I think one of the problems is that people see labels and think they are being singled out on purpose, for some reason (related to. A host of issues which may or may not be directly linked to that specific person, product group, or team), instead of seeing it as just a visualization of what is occurring with things like Kanban as a visualization.
The other problem is that management often adopts ideas like Kanban, 5s, and others, to solve a problem after being shown “how simple” it is to solve the problems with that solution. This, 95% of the time, tends to leave out the fact that the visualization, organization, or other tool is just that – a tool. It is not the solution but a cog in the machine that is the solution.
Many times teams and companies are very good about “briefing” people about what is coming down the pipe, then they rely on these tools to solve the problems with the process along the way forgetting that “debriefing” is one key that if done regularly and consistently and that drives changes to how the system is setup and functions it will help to spur the changes necessary to make a difference.
There are no “easy”, or “one-step,” solutions.
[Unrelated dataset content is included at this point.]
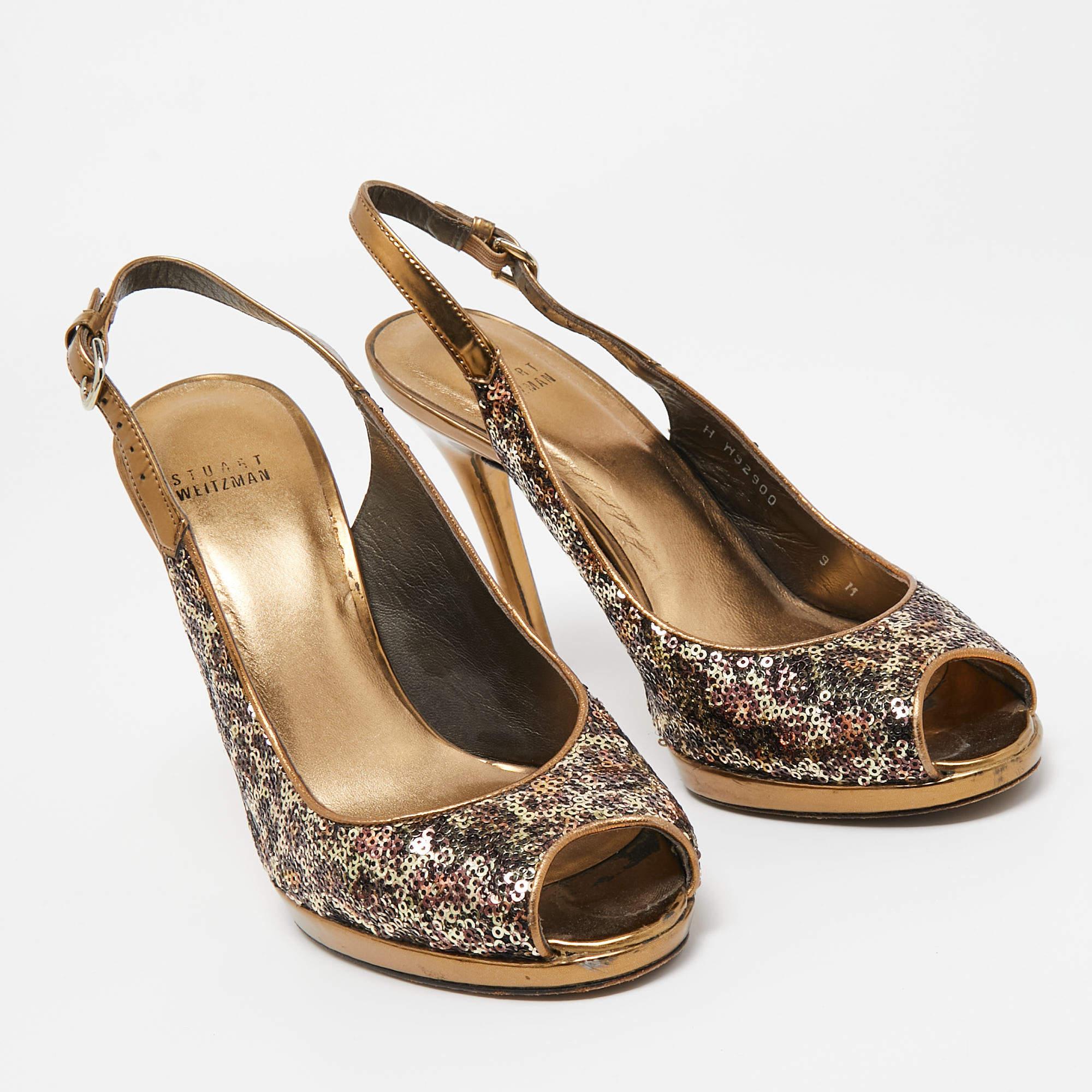 Stuart Weitzman - Sandali con piattaforma di paillettes con stampa animale - misura 39,5 In condizioni buone in vendita a Dubai, Al Qouz 2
There are methods and tools, but they require constant maintenance, upkeep, and upgrades (in terms of thinking about how the process will need to work to function better or properly) to continue on the right path.
I am a huge fan of the “see-the-need, meet-the-need” process, and Kanban can be great for that, but it does require maintenance and upkeep and forward thinking coupled not just with briefing ahead of time but time and labour intensive debriefing to actually solve the problems.